Top of EXERCISE MATERIALS
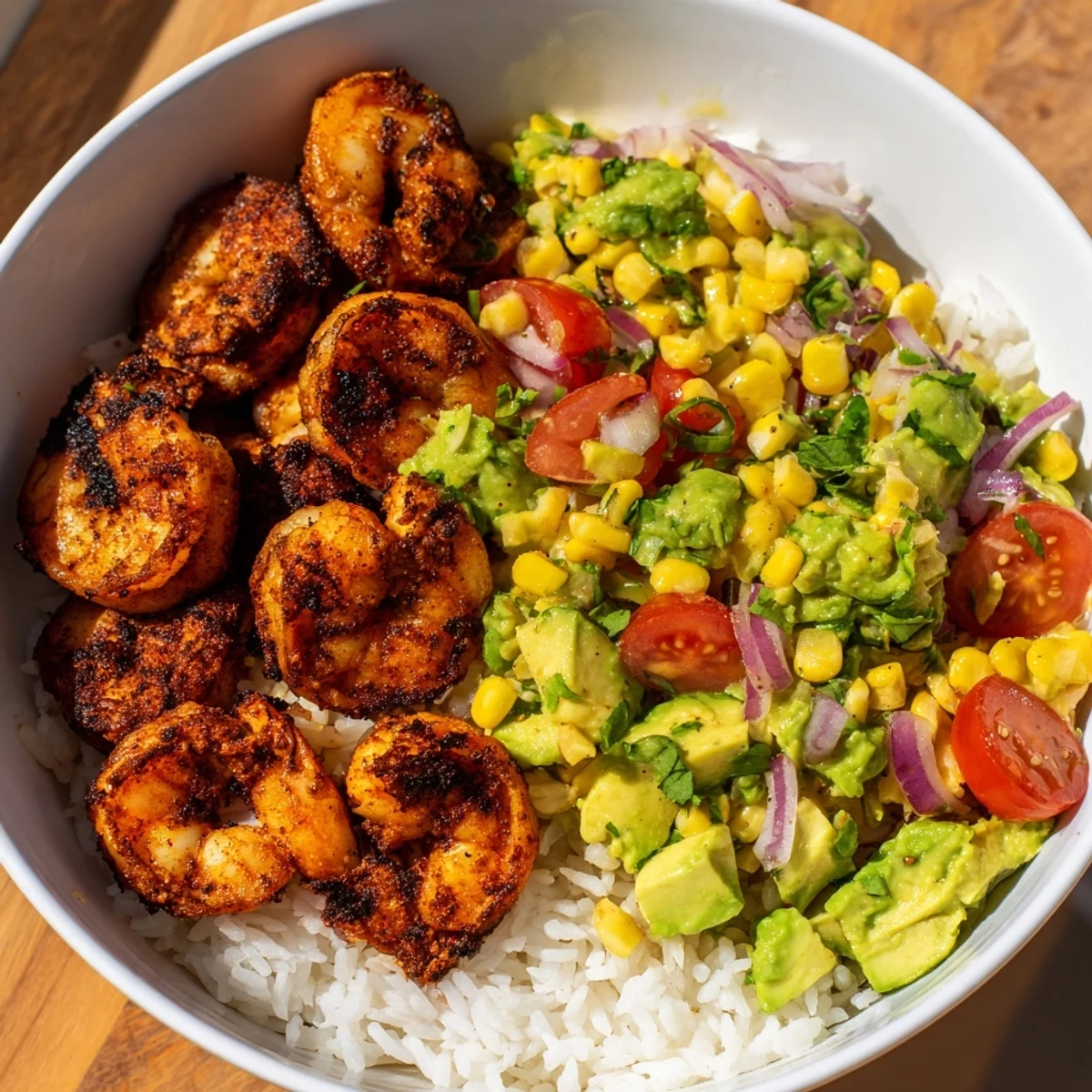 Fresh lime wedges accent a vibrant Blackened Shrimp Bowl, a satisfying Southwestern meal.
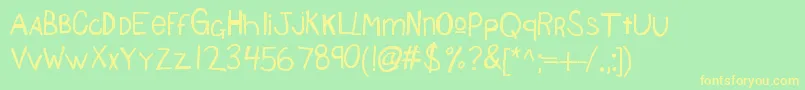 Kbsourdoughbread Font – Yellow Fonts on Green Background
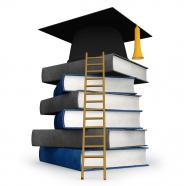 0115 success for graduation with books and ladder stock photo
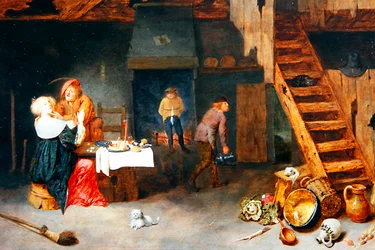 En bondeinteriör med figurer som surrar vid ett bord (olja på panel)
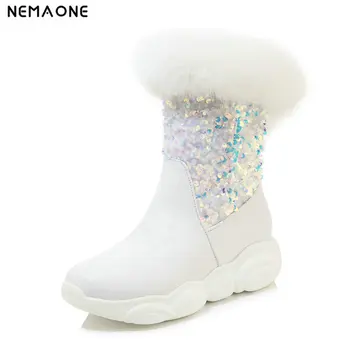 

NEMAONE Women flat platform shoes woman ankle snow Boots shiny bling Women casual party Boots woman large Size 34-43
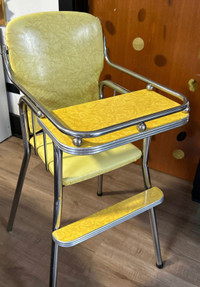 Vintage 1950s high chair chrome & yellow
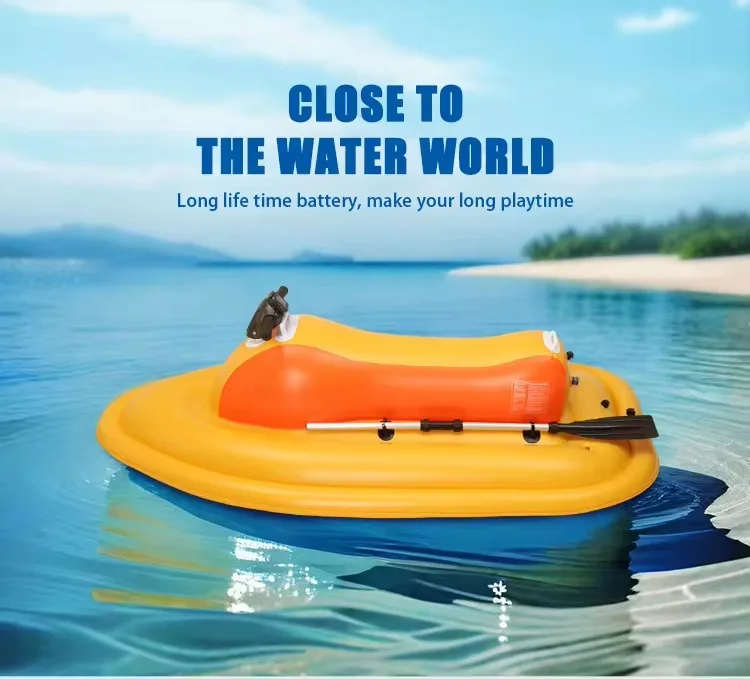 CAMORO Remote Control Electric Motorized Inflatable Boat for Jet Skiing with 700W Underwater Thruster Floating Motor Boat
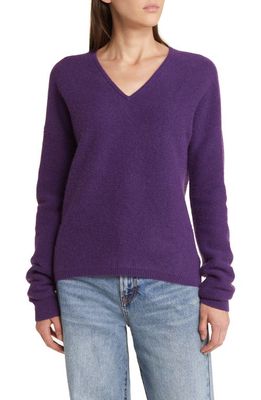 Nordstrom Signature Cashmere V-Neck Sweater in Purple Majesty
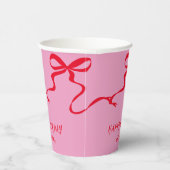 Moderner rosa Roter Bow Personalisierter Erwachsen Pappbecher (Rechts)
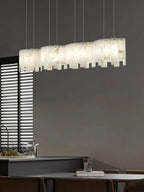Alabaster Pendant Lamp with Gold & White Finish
Bottom of EXERCISE MATERIALS
If a picture sits between the line containing "0115 success for" and the line containing "CAMORO Remote Control", leave it out, and return the lines of that range above exactly, both ends included.

» **ANSWER FOR THIS EXERCISE**:
 0115 success for graduation with books and ladder stock photo
 En bondeinteriör med figurer som surrar vid ett bord (olja på panel)

NEMAONE Women flat platform shoes woman ankle snow Boots shiny bling Women casual party Boots woman large Size 34-43
 Vintage 1950s high chair chrome & yellow
 CAMORO Remote Control Electric Motorized Inflatable Boat for Jet Skiing with 700W Underwater Thruster Floating Motor Boat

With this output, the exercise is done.